■ **How to complete this task**: When you write out the listing, keep every word as it stands and drop the pictures.

■ **Data shown**:
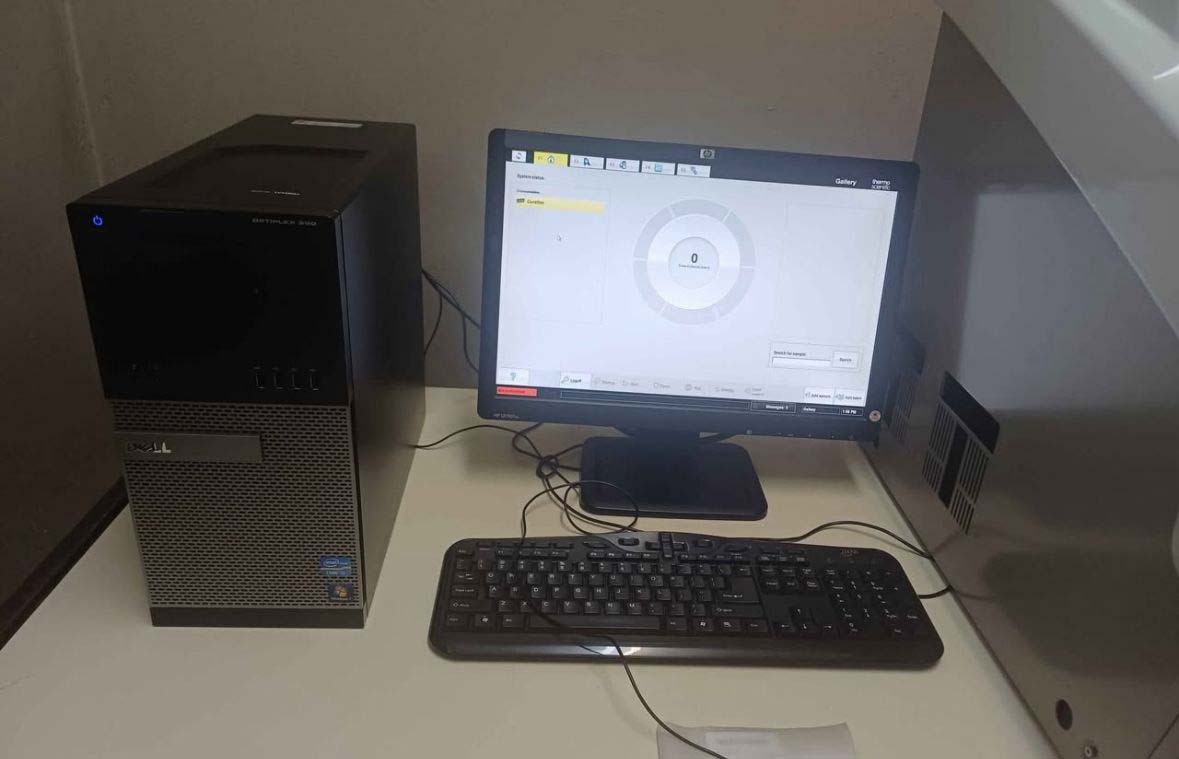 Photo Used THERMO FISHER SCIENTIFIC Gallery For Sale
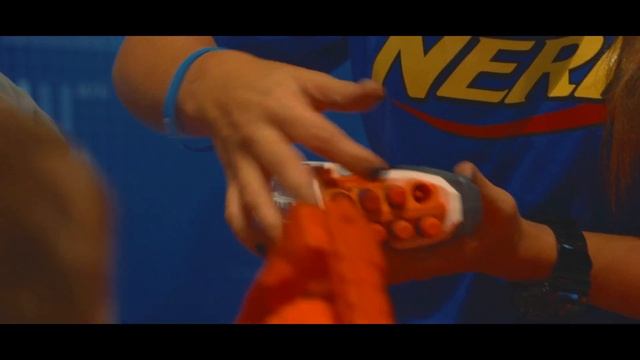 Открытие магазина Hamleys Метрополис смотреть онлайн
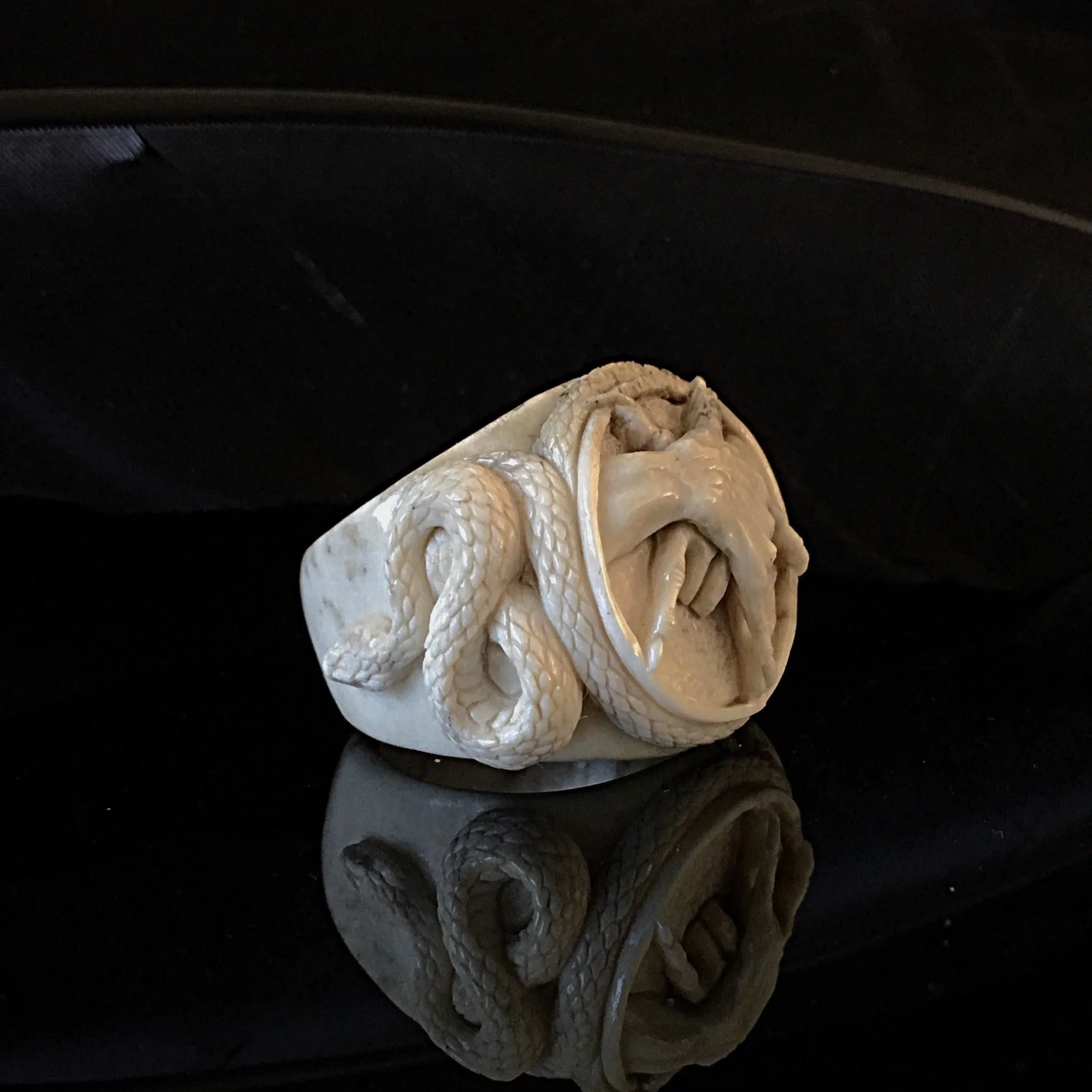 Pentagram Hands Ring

■ **Response to this task**:
 Photo Used THERMO FISHER SCIENTIFIC Gallery For Sale
 Открытие магазина Hamleys Метрополис смотреть онлайн
 Pentagram Hands Ring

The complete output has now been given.